> YOUR GOAL
Pictures are to be omitted; everything else in the data must be transcribed exactly.

> SUPPLIED MATERIAL
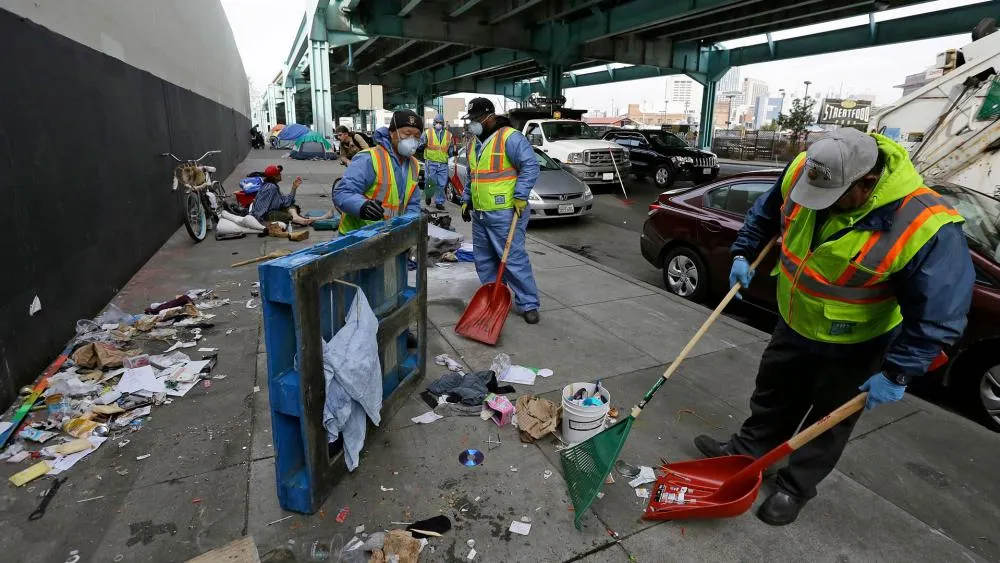 San Francisco "Poo App" SnapCrap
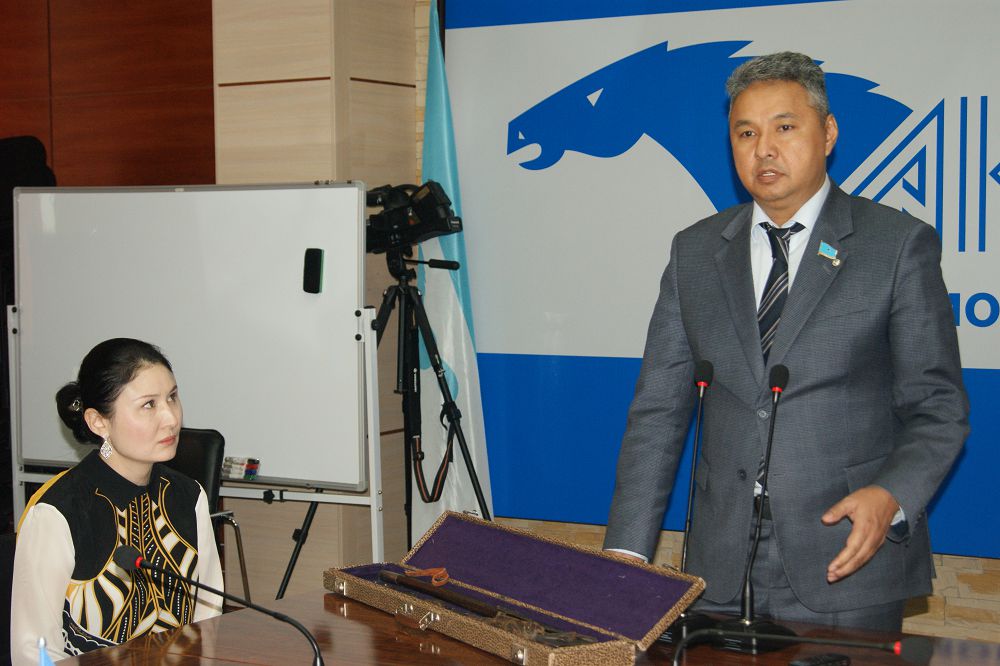 Бөгенбай батырдың айбалтасы мұражайға қойылады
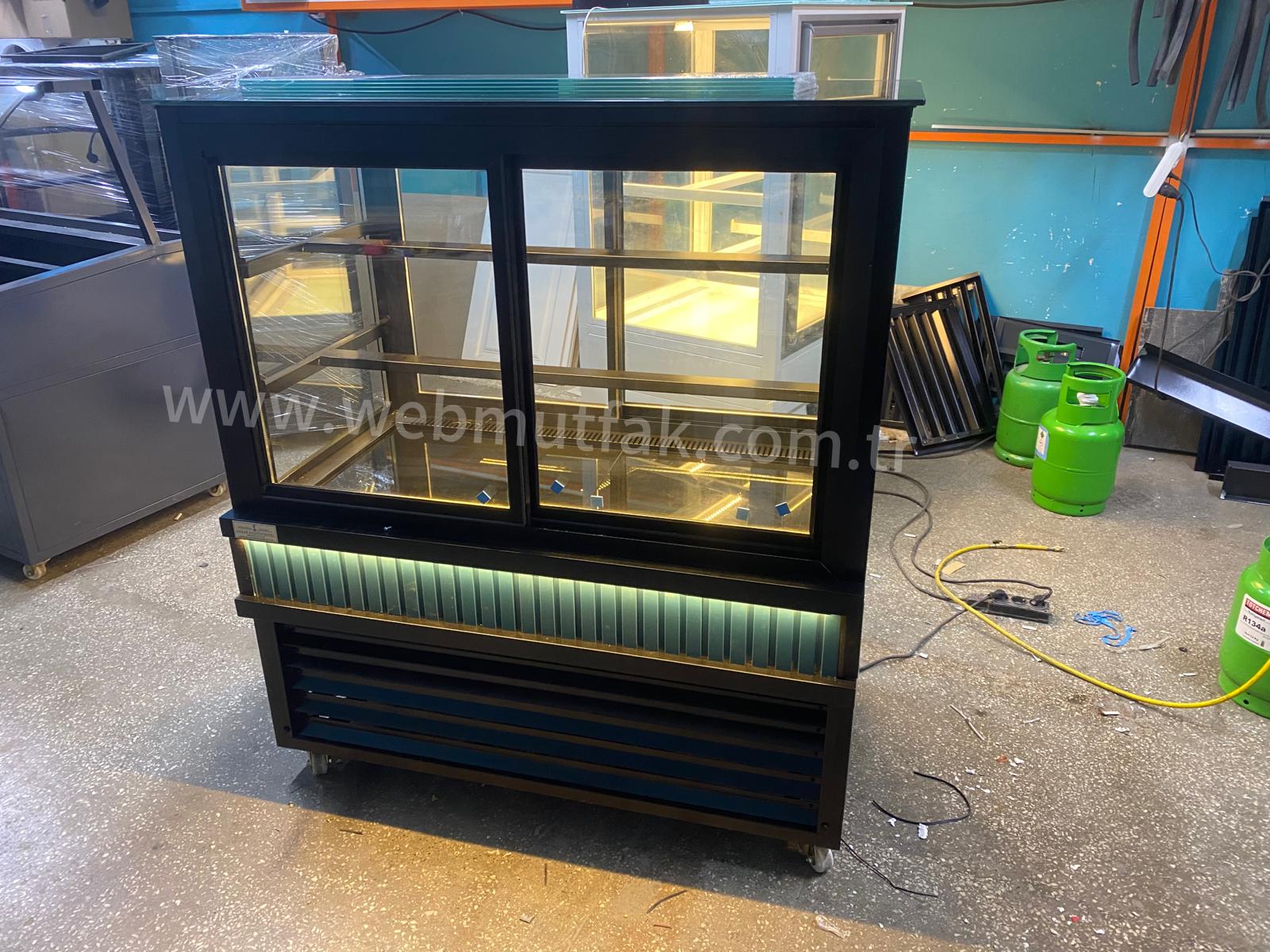 Tatlı Teşhir Dolabı 100 Cm
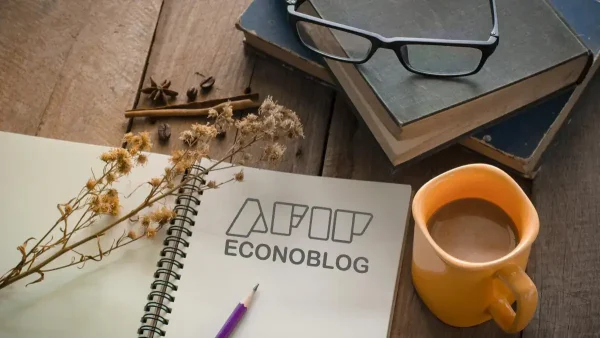 Libro de la AFIP junto a una taza de café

> RESULT FOR THIS TASK
 San Francisco "Poo App" SnapCrap
 Бөгенбай батырдың айбалтасы мұражайға қойылады
 Tatlı Teşhir Dolabı 100 Cm
 Libro de la AFIP junto a una taza de café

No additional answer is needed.